Short descriptive text snippets:
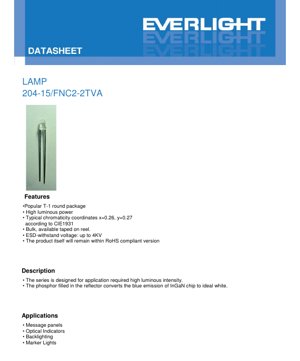 PDF Document Cover - T-1 3mm White LED Lamp Datasheet - 3.0x5.0mm Package - 3.2V Typical - 20mA Drive - 110mW Power - English Technical Document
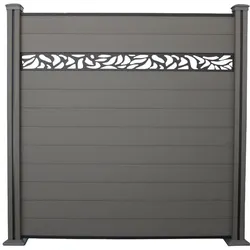 Hardin 1fachgut WPC-Sichtschutzzaun Valla - mit Design 1x Element + 2x Pfosten - Grau
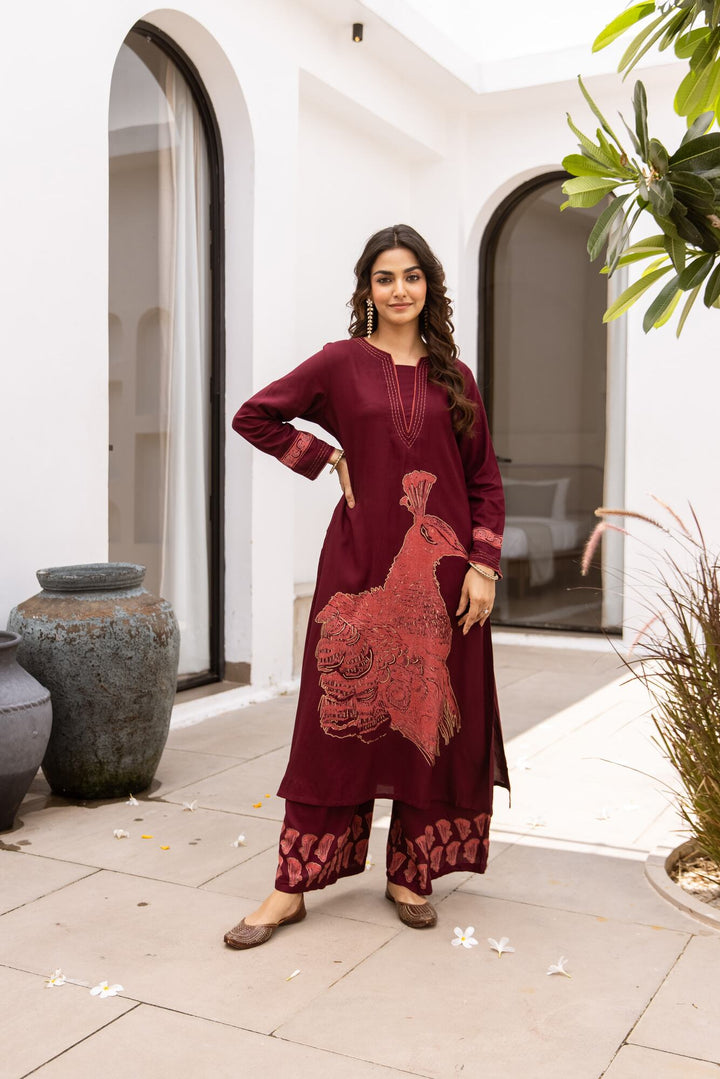 Nehamta Women's Maroon German Rayon Kurta & Palazzo Set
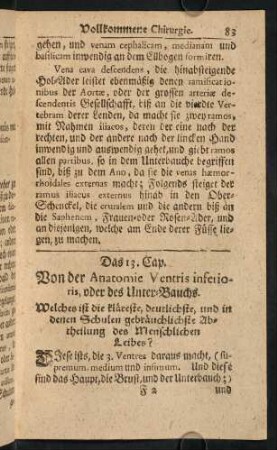 83-98, Das 13. Capitel. Von der Anatomie Ventris inferioris [...].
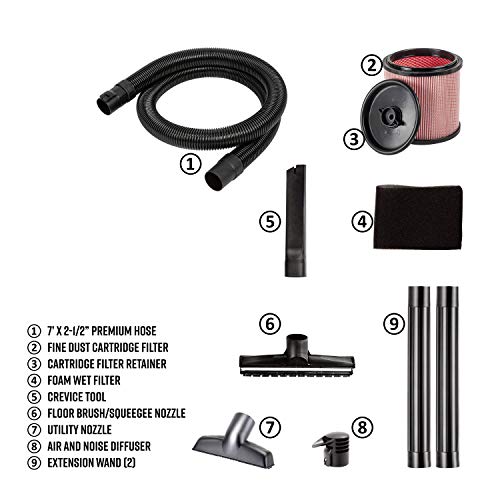 Vacmaster Professional - Professional Wet/Dry Vac, 12 Gallon, Beast Series, 5.5 Hp 2-1/2" Hose (Vjh1211Pf0201) , Black #TOP3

> _Work request_: In the records above, find the line that contains "83-98, Das 13." and repeat exactly that line and all lines after it to the end. Do not include pictures.

> _Task output_:
 83-98, Das 13. Capitel. Von der Anatomie Ventris inferioris [...].
 Vacmaster Professional - Professional Wet/Dry Vac, 12 Gallon, Beast Series, 5.5 Hp 2-1/2" Hose (Vjh1211Pf0201) , Black #TOP3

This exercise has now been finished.